I liked the Richell ex-pen because it has wood trim. The measurements are 29"x50" and 29" high. You can also purchase a cover for it if you need one.


----------



## krandall (Jun 11, 2009)

Heather Glen said:


> I liked the Richell ex-pen because it has wood trim. The measurements are 29"x50" and 29" high. You can also purchase a cover for it if you need one.


The Richell ex-pens (and other products) are GORGEOUS. And if cost were no object, or if it were going to be a permanent part of the scenery, I'd definitely go that route. But they are a lot more expensive than many other ex-pen options.


----------



## krandall (Jun 11, 2009)

midwifeheather said:


> Thanks!
> 
> I requested Ian Dunbar's book from the library.
> 
> Also, water bottles?? I always used water bowls for my boxers. Do hav parents prefer water bottles? Amazon links appreciated  Will be placing a order soon down to a week before I can pick up my puppy.
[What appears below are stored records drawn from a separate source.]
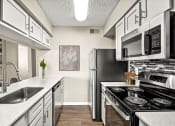Thumbnail 4 of 16 - a kitchen with stainless steel appliances and white cabinets at The Hudson, Carrollton Texas?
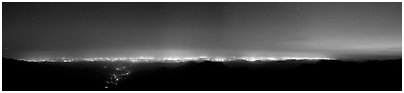 Central Valley lights at dusk seen from Morro Rock. California, USA (Panoramic black and white)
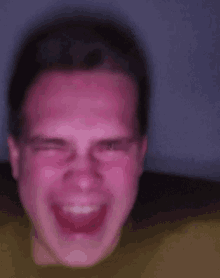 a blurry picture of a man 's face with a purple background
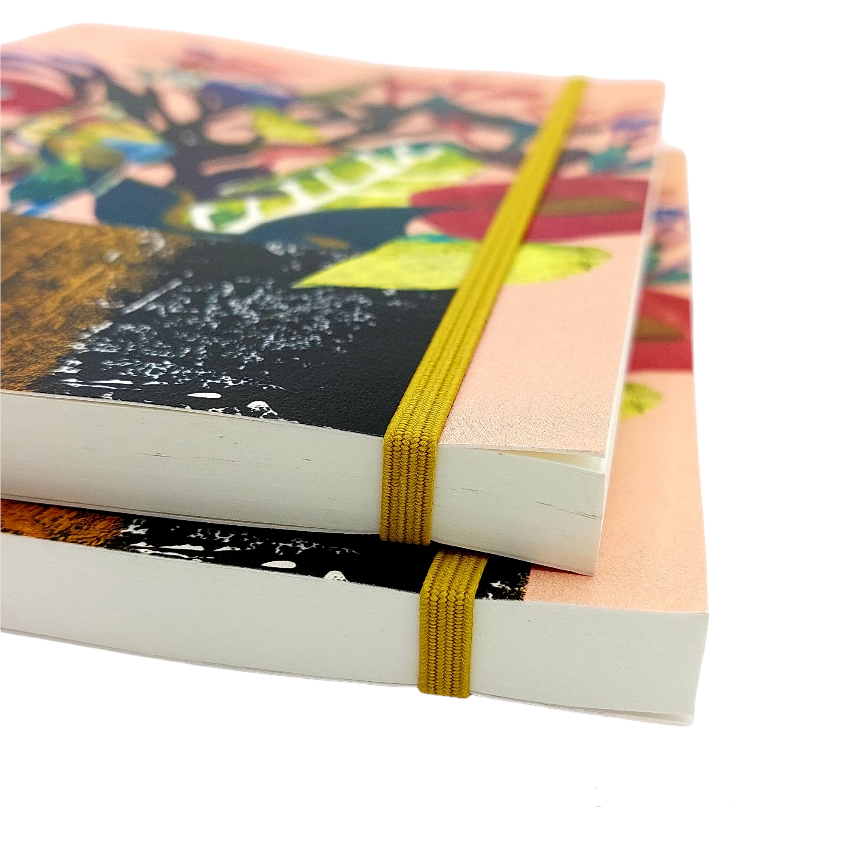 Two softcover sketchbooks with colourful abstract and botanical covers, stacked and secured with mustard yellow elastic bands, on a white background.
Ask your breeder what the puppies are used to. Many breeders use bottle because it keeps the puppies from tipping their water over.

As they get older, especially if you are leaving them in full coat, their beard can pick up a LOT of water when they drink out of a traditional bowl. We use three different water "dispensers". In Kodi's crate, and in the room where he's gated when we're out of the house, he's got a water bottle. In the kitchen, he and the cat share this water fountain:

Amazon.com : Pioneer Pet Stainless Steel Fountain Raindrop Design : Pet Self Waterers : Pet Supplies

They tend to drink from the top where the water bubbles up, so he doesn't get so much water on his face.
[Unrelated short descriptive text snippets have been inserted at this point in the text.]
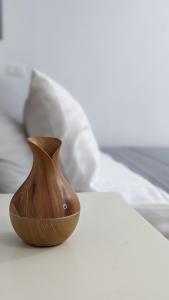 a wooden vase sitting on top of a table at Champollion Hostel in Cairo +50 photos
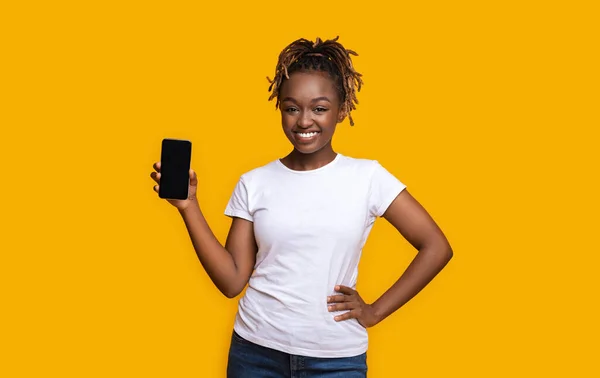 Senhora africana feliz mostrando novo telefone celular com tela em branco — Fotografia de Stock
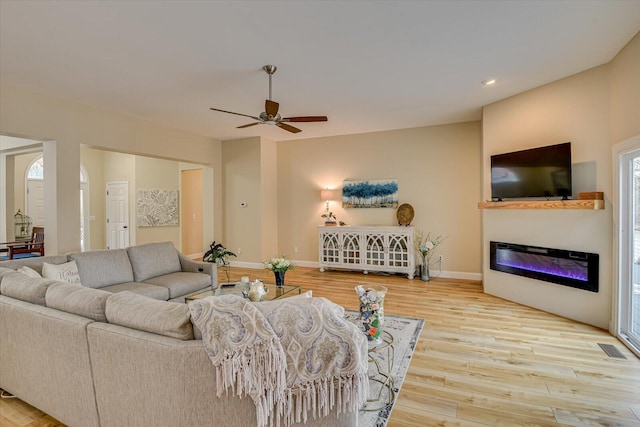 living room featuring baseboards, visible vents, a glass covered fireplace, wood finished floors, and recessed lighting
When traveling in our RV, we use this one. It holds a lot of water, but there is only a small amount at a time in the "cup" the dog drinks out of, so it doesn't get his face wet. It also doesn't spill easily, and can be stored sitting upright in the car so it doesn't spill at all.

Amazon.com: Heininger 3059 PortablePET WaterBoy: Pet Supplies


----------



## midwifeheather (Jan 30, 2015)

krandall said:


> The Richell ex-pens (and other products) are GORGEOUS. And if cost were no object, or if it were going to be a permanent part of the scenery, I'd definitely go that route. But they are a lot more expensive than many other ex-pen options.


yes I just looked at it and it's way over what I can spend


----------



## Heather's (Jun 18, 2012)

The ex-pen was a permanent part of our scenery for a couple years. I wanted something that would look ok in front of the fireplace It is very sturdy and the tray makes it easy to clean.


----------



## krandall (Jun 11, 2009)

Heather Glen said:


> The ex-pen was a permanent part of our scenery for a couple years. I wanted something that would look ok in front of the fireplace It is very sturdy and the tray makes it easy to clean.


They certainly are beautiful!


----------



## midwifeheather (Jan 30, 2015)

Placed my amazon order last night!
I bought the crate, xpen, some toys, a water bottle, washable puppy pads. 

I need to get to a home improvement store to look at some laminate. 

Krandall I ordered the heavy duty xpen you recommended! It was between that and the iris, and I liked the door better on the metal one.


----------



## MarinaGirl (Mar 25, 2012)

I just want to caution you about washable pee pads. My experience (and others) is that puppies pee on the cloth and then generalize to other fabrics like bath mats and area rugs.


----------



## krandall (Jun 11, 2009)

MarinaGirl said:


> I just want to caution you about washable pee pads. My experience (and others) is that puppies pee on the cloth and then generalize to other fabrics like bath mats and area rugs.


I agree. Unless you're going to use the washable pads under a grate, like a UgoDog, I would STRONGLY suggest another option.


----------



## midwifeheather (Jan 30, 2015)

krandall said:


> I agree. Unless you're going to use the washable pads under a grate, like a UgoDog, I would STRONGLY suggest another option.


ok good to know. I hate using disposable things but I guess those are the best bet for now w/ the puppy.


----------



## midwifeheather (Jan 30, 2015)

Just wanted to come back and update, this is the xpen setup we're using currently

and this is smores


----------



## krandall (Jun 11, 2009)

Looks great! I have that one too, and I like how flexible it is in terms of configuration. Sturdy too!


----------



## Molly120213 (Jan 22, 2014)

Smores is adorable!


----------



## Zoe093014 (Jan 27, 2015)

He really is adorable!


----------



## Heather's (Jun 18, 2012)

Smores is just precious! Love the name!


----------